Latest revision as of 23:44, 17 April 2019

Westworld (TV series): "The Passenger." Season 2, episode 10 (24 June 2018). Finale of season.

A cornucopia of images and ideas useful for "the Human/Machine" Interface, in approximate order of importance:

In the opening sequences, we have repeated the scene and image of biomechanical bulls skewering and taking down in a deadly fall heavily-armed security personnel, ripping into the bulls and stripping away flesh, but not stopping them, with the striking image of one bull and a guard going through a railing and falling into a high Modern atrium. (There are also a few hexagons visible, if one watches for them.)[1]
With the Man in Black managing to blow off much of his right hand, we have set up the possibility of the motif of "the hand of Rotwang,"[2] which fits in with other possible allusions to METROPOLIS ranging from central female cyborgs/robots to the flooding of an underworld.
Portals real or virtual — "doors" — with a relatively real or VR rip in the fabric of the Westworld universe leading into a Greenworld (as they'd call it in a Shakespeare romantic comedy such as As You Like It) that is a kind of Eden for the Ghost Tribe and other Hosts, although few make it in. And those who make it through appear to "diegetic" humans to fall from a cliff, reiterating the strongly stressed motif in the series of questioning what is real: cf. and contrast the motif in film, especially since THE MATRIX.
The continuing motif of Host telepathic control by Clementine[3] countered, in small part, by Maeve.[4]
Maeve's love for her daughter from a "beta" version of Maeve,  and promise to protect the daughter. There's a kind of Turing Test here: if the performance of love and fidelity/honor and promise-keeping by an artificial entity continues for an extended time and to outside observers is indistinguishable from those traits in a human, we would do well to allow that the entity, Maeve in this case, but other Hosts as well, possesses those traits as much as a human does (although humans may just have similar coding).
The related and intertwined themes of free will, choice, love, immortality, survival-values and fidelity (with puns) are developed with great nuance and complexity for both humans and Hosts.
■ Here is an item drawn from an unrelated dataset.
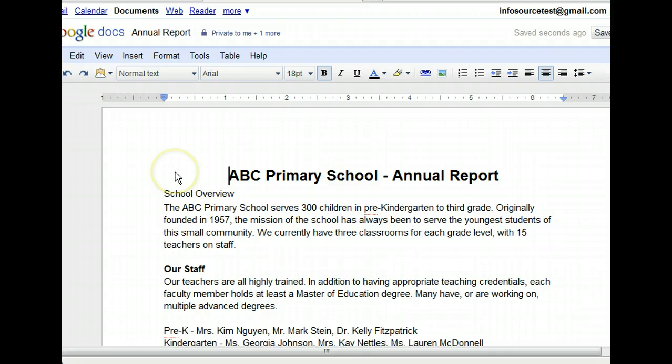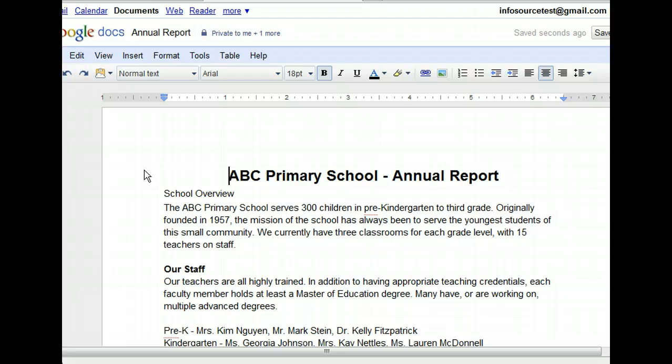That looks better. Now we need to change the next heading, School Overview, by setting its style. Paragraph styles are pre-set heading styles that affect font size and style of text for an entire paragraph. Style choices in Documents include normal text and six additional options. To emphasize this heading, let's choose a style that makes the font bold and 14 point, all in one click. We can begin by clicking before the line of text, which is its own paragraph.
Note the authoritative statement that human decision-making is based in a fairly simple algorithm that can be symbolically fit into a normal-size book — and that human «essence» can be summarized, digitalized, encoded on a card, and/or transmitted to space satellites — balanced by Host and human people in Westworld thinking they make decisions and appearing to do so. A crucial issue is whether Hosts and humans can alter our core codes: really change. In this episode, there is strong evidence of the possibility of human change when the cynical script-writer "Lee sacrifices himself to delay Delos' security forces"[5] while delivering a speech he'd written: if this cynical, selfish putz[6] can act like a mensch,[7] real change in humans (and Hosts) may well be possible.


For the image of a cyborg woman going out into the world, cf. and contrast the film EX MACHINA.